## Data to process:
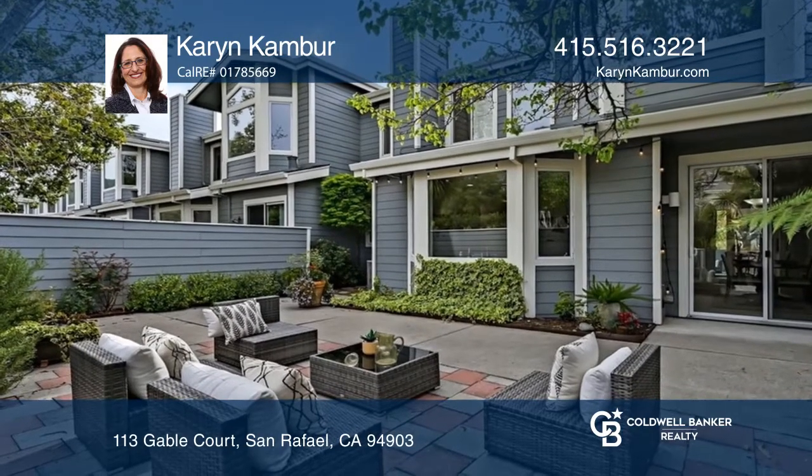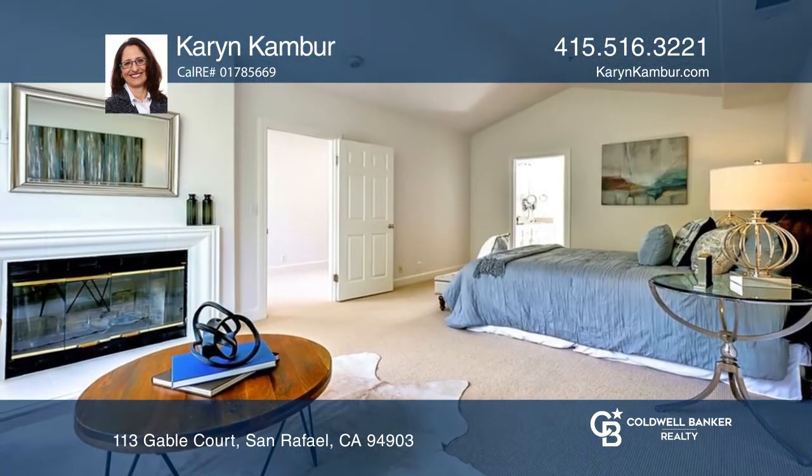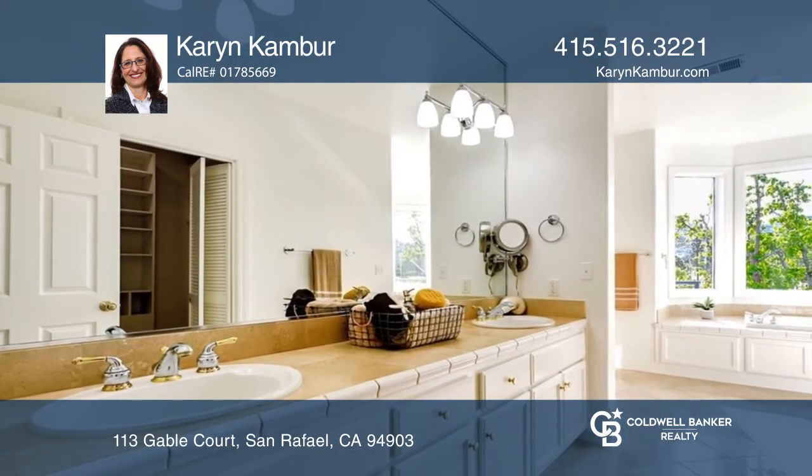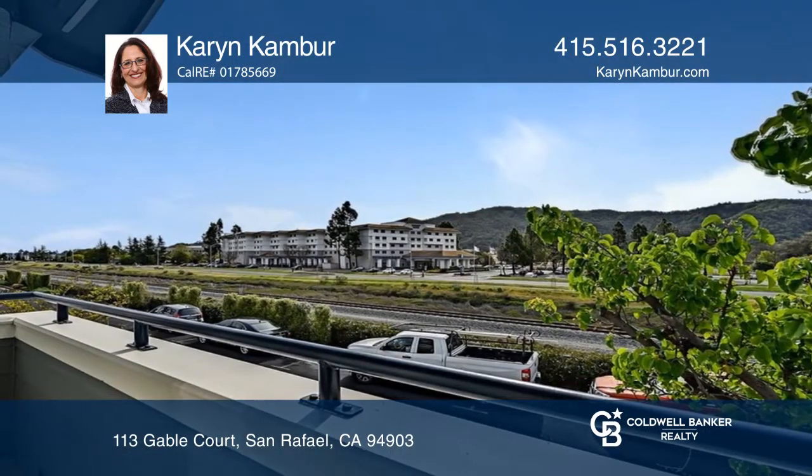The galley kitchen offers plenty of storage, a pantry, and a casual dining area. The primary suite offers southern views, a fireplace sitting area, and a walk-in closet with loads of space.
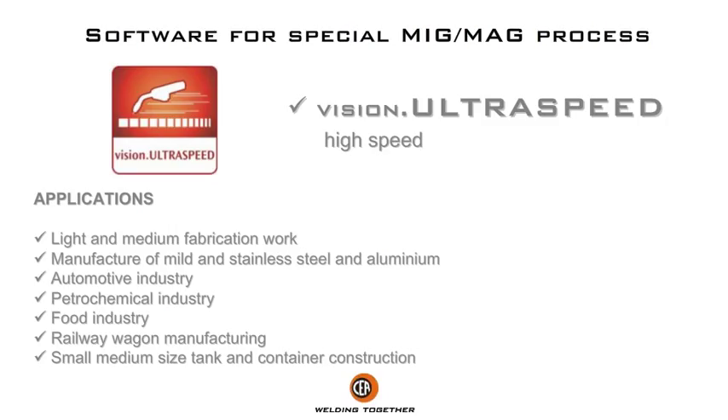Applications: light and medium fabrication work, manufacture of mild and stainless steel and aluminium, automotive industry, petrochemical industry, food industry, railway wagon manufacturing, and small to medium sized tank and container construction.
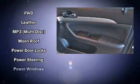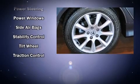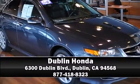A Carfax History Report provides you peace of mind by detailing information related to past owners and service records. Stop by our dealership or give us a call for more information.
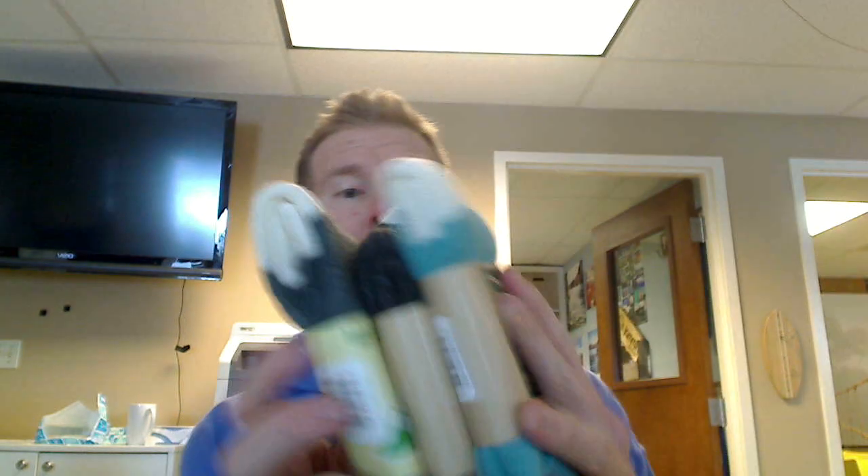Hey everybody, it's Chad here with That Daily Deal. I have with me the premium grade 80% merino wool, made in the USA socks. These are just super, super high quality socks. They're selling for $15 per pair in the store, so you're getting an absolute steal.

---

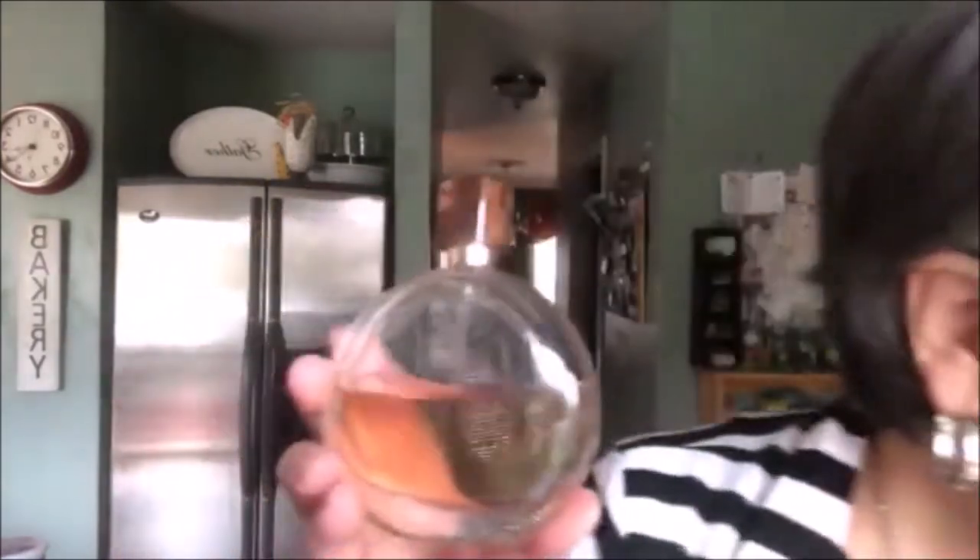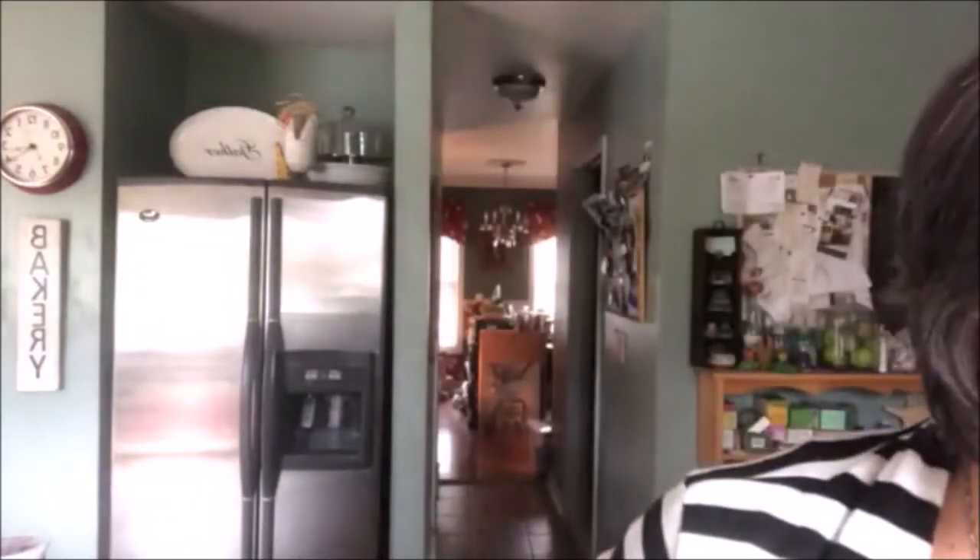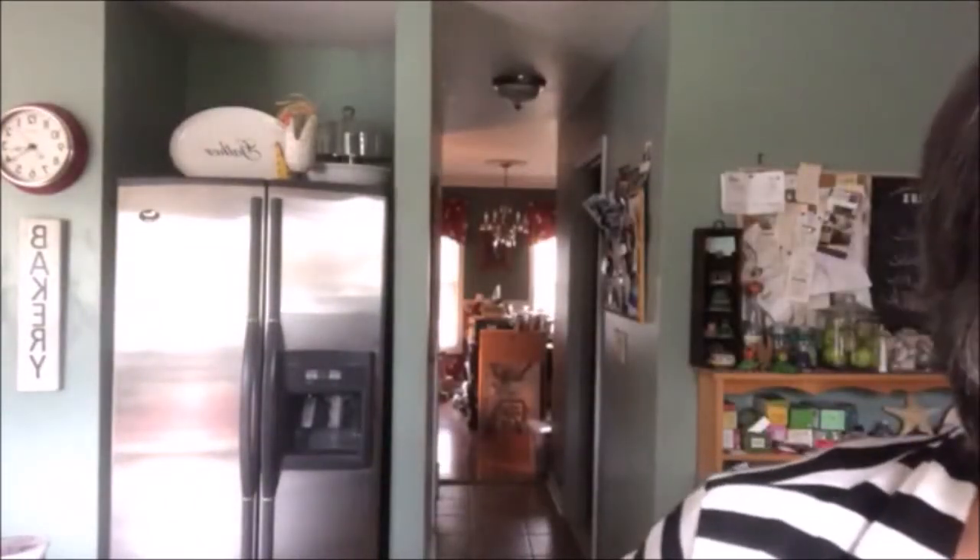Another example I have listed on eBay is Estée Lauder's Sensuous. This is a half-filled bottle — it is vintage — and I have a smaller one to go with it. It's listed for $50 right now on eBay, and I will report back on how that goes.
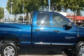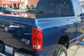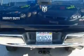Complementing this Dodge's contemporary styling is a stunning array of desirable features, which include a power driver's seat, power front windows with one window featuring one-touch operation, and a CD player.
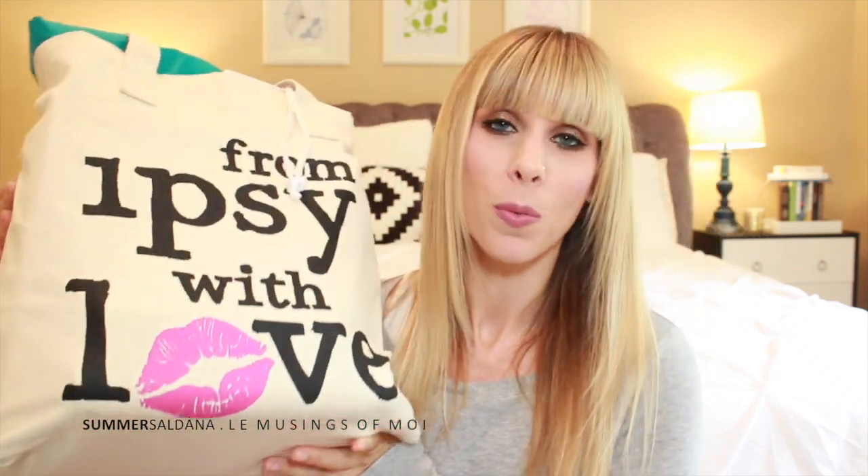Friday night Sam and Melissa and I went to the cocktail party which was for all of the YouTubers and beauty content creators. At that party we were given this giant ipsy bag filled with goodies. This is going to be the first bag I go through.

## Work item:
After locating "The galley kitchen" and "Hey everybody, it's" in the records above, return exactly the line holding each one and every line between them; leave out the pictures.

## Exercise answer:
The galley kitchen offers plenty of storage, a pantry, and a casual dining area. The primary suite offers southern views, a fireplace sitting area, and a walk-in closet with loads of space.
Applications: light and medium fabrication work, manufacture of mild and stainless steel and aluminium, automotive industry, petrochemical industry, food industry, railway wagon manufacturing, and small to medium sized tank and container construction.
A Carfax History Report provides you peace of mind by detailing information related to past owners and service records. Stop by our dealership or give us a call for more information.
Hey everybody, it's Chad here with That Daily Deal. I have with me the premium grade 80% merino wool, made in the USA socks. These are just super, super high quality socks. They're selling for $15 per pair in the store, so you're getting an absolute steal.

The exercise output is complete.